• ASSIGNMENT: Go through the listing below and retype exactly the lines starting at the one with "someone is knitting" and ending at the one with "Cabeleireira a secar", skipping pictures.

• EXERCISE INPUT:
--*--
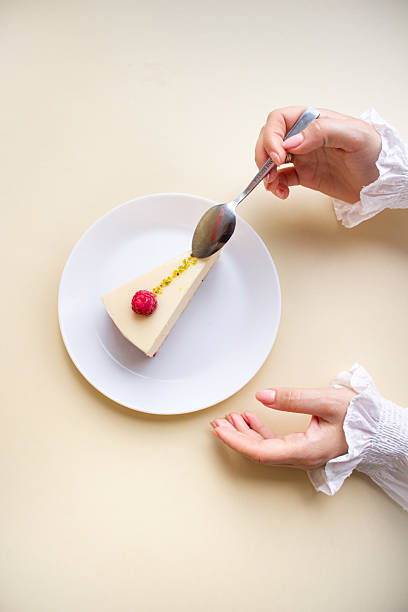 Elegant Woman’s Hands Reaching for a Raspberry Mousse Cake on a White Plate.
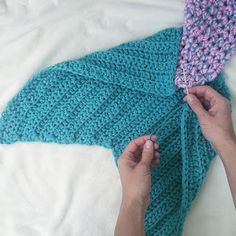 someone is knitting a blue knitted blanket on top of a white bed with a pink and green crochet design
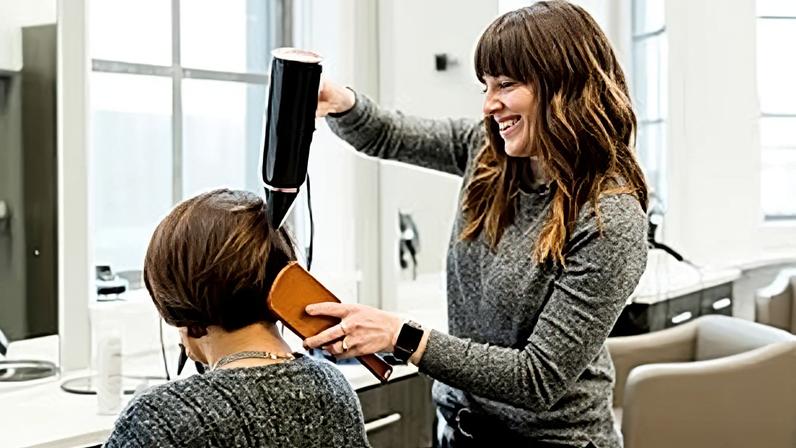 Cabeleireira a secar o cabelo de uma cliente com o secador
--*--
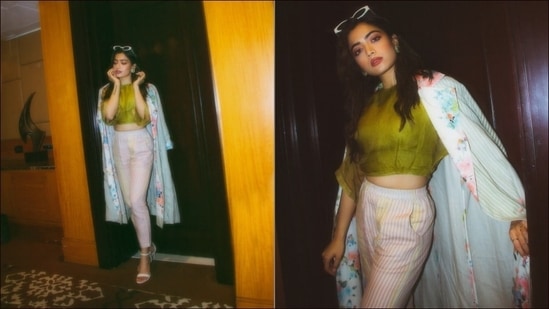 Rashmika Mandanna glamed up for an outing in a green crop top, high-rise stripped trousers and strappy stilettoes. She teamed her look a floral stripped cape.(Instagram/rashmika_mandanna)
--*--
• EXPECTED ANSWER:
 someone is knitting a blue knitted blanket on top of a white bed with a pink and green crochet design
 Cabeleireira a secar o cabelo de uma cliente com o secador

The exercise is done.